Exercise objective: Using only the entries below, output the lines starting at the one containing "Anillo eternity de" and ending at the one containing "Женские медицинские брюки", exactly and inclusive of both, omitting the pictures.

Task data:

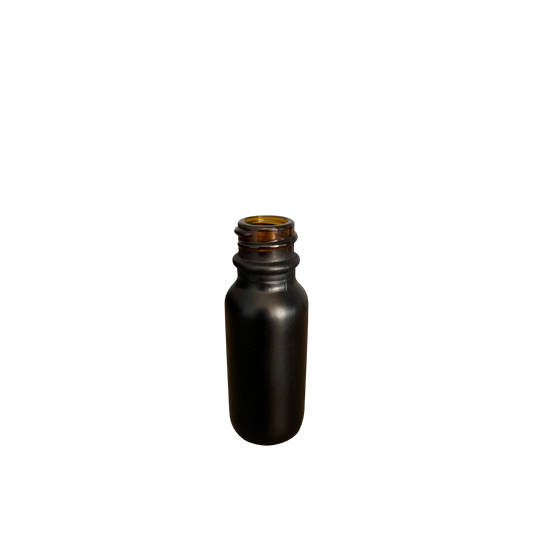 0.5 oz (15 ml) Black (Matte) Glass Boston Round 18-400 Bottle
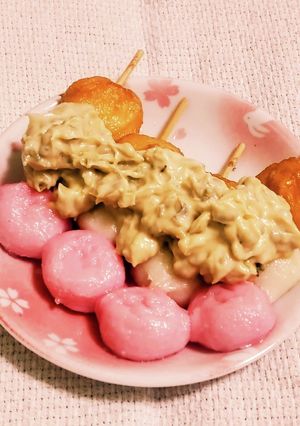 “わさび漬けマヨネーズ3色練り天団子”-レシピのメイン写真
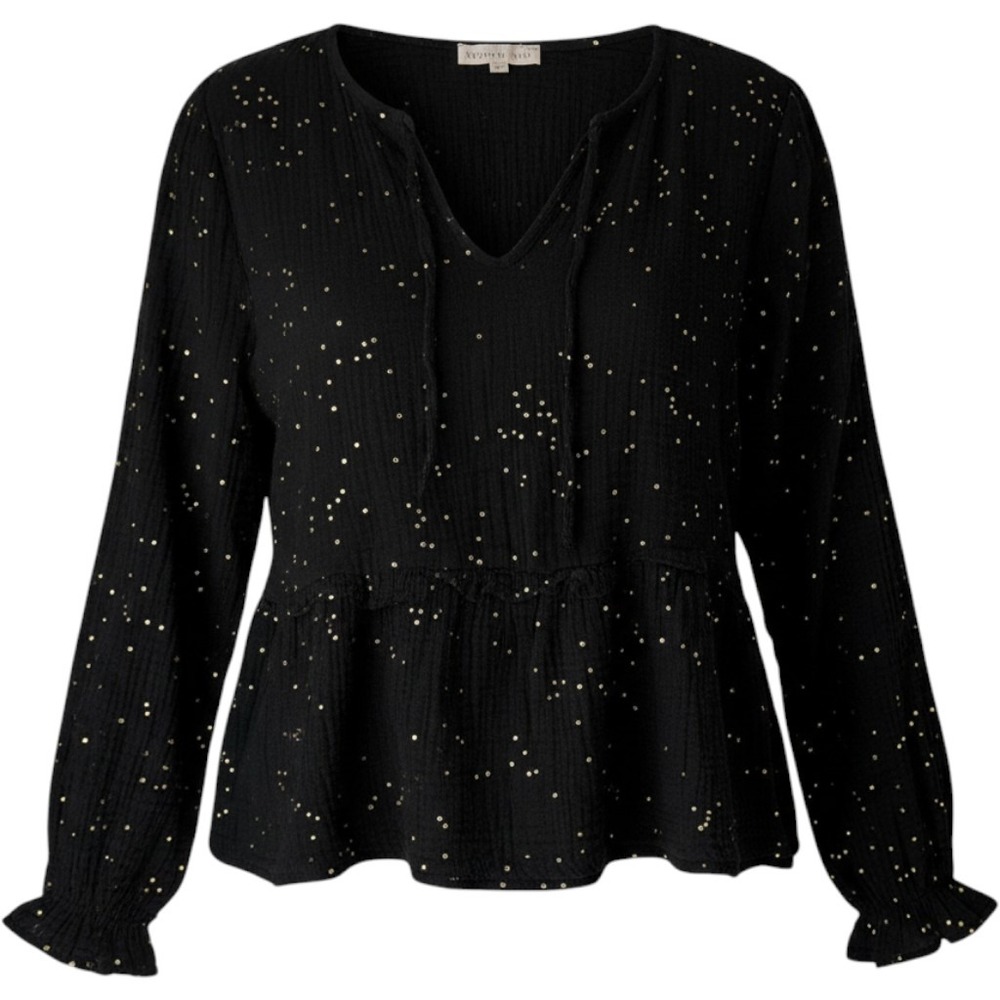 Peace n' Love Women Black Gold Foil Polka Dot Gauze Peplum Top M/L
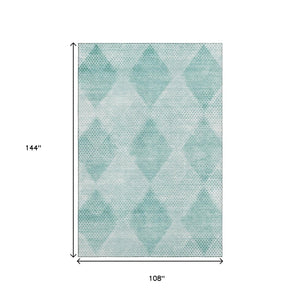 HomeRoots 9' X 12' Teal and Ivory Geometric Area Rug – Washable, UV-Protected, Perfect for Modern Homes! 648219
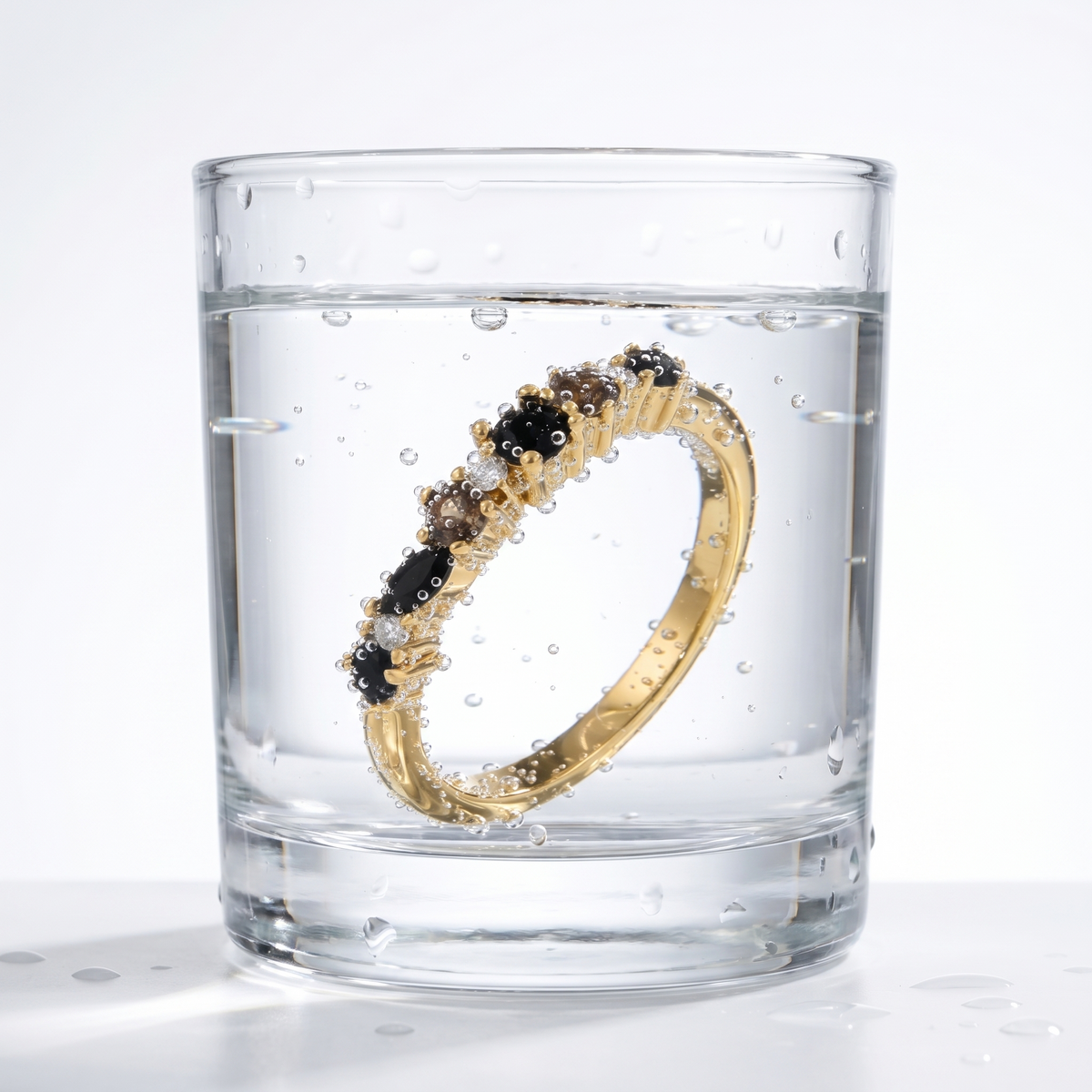 Anillo eternity de obsidiana negra bañado en oro de 18K en un vaso de agua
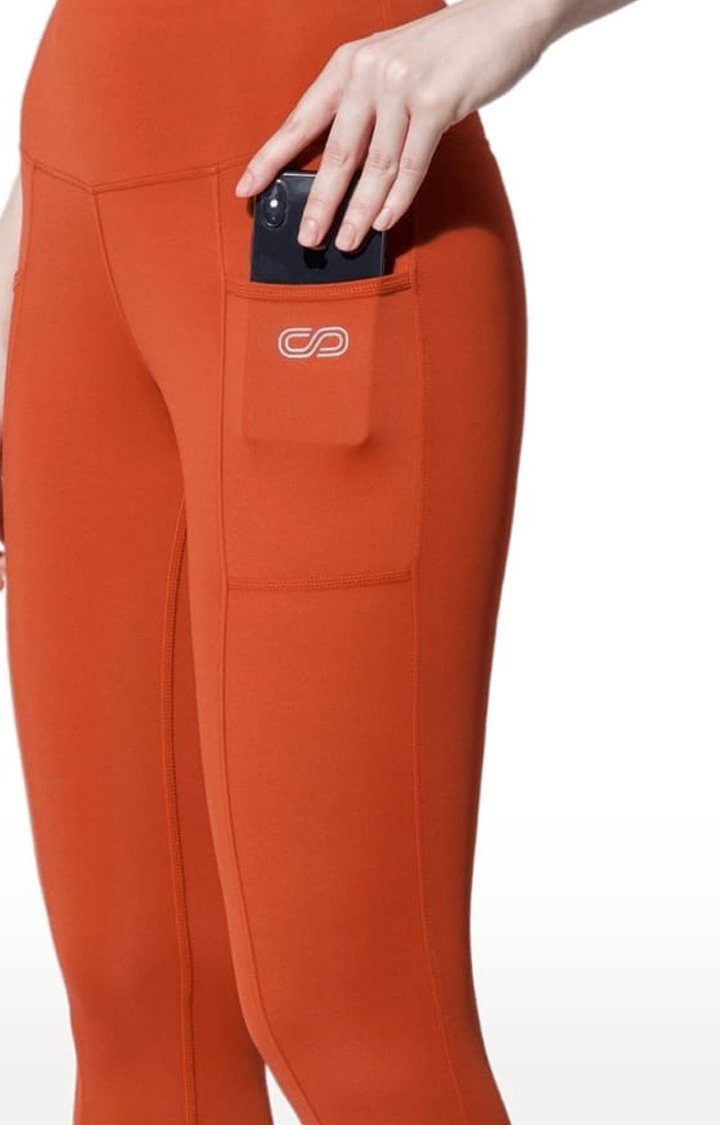 Women's Orange Polyester Activewear Legging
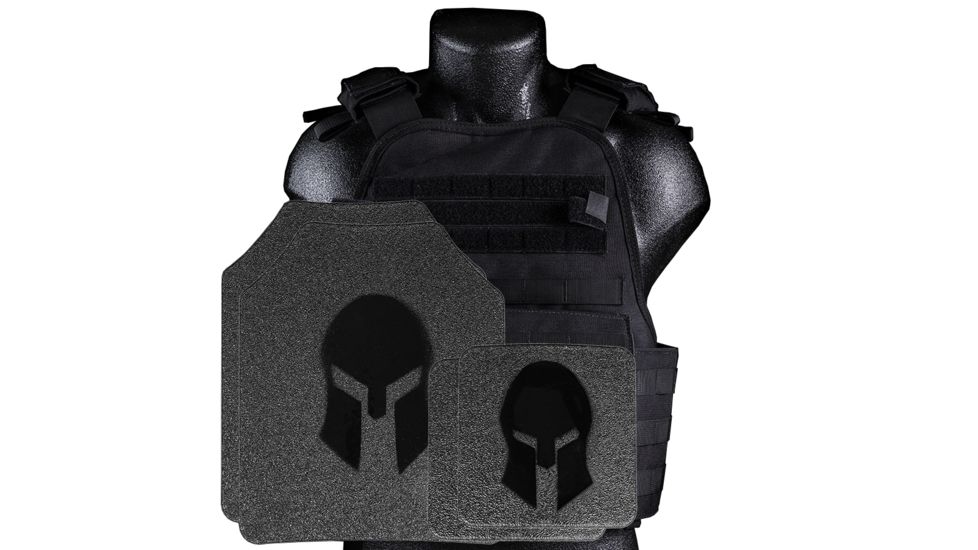 Spartan Armor Systems Armor/condor Defender Extra Large Plate Carrier And AR550 Body Armor Platform Single Curve, Base Coat, Black, Medium-Extra Large SAS-PKG550-DFPC-KIT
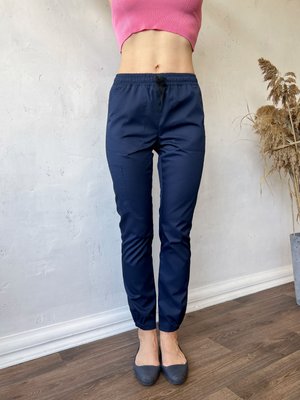 Женские медицинские брюки Карго темно-синие. Коттон 071150 фото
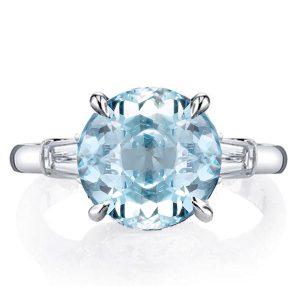 Three stone rings - Three Stone Created Aquamarine Engagement Ring, Three stone rings, Italo jewelry - Online Catalog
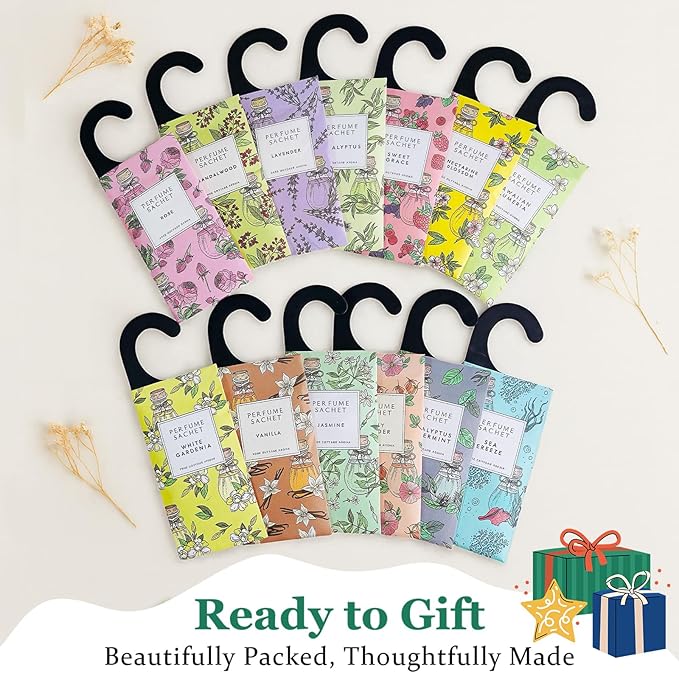 ROSE COTTAGE Large 12 Packs Eucalyptus Peppermint Hanging Closet Air Freshener Scented Sachets Long Lasting Smell Goods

Reply to the task:
 Anillo eternity de obsidiana negra bañado en oro de 18K en un vaso de agua
 Women's Orange Polyester Activewear Legging
 Spartan Armor Systems Armor/condor Defender Extra Large Plate Carrier And AR550 Body Armor Platform Single Curve, Base Coat, Black, Medium-Extra Large SAS-PKG550-DFPC-KIT
 Женские медицинские брюки Карго темно-синие. Коттон 071150 фото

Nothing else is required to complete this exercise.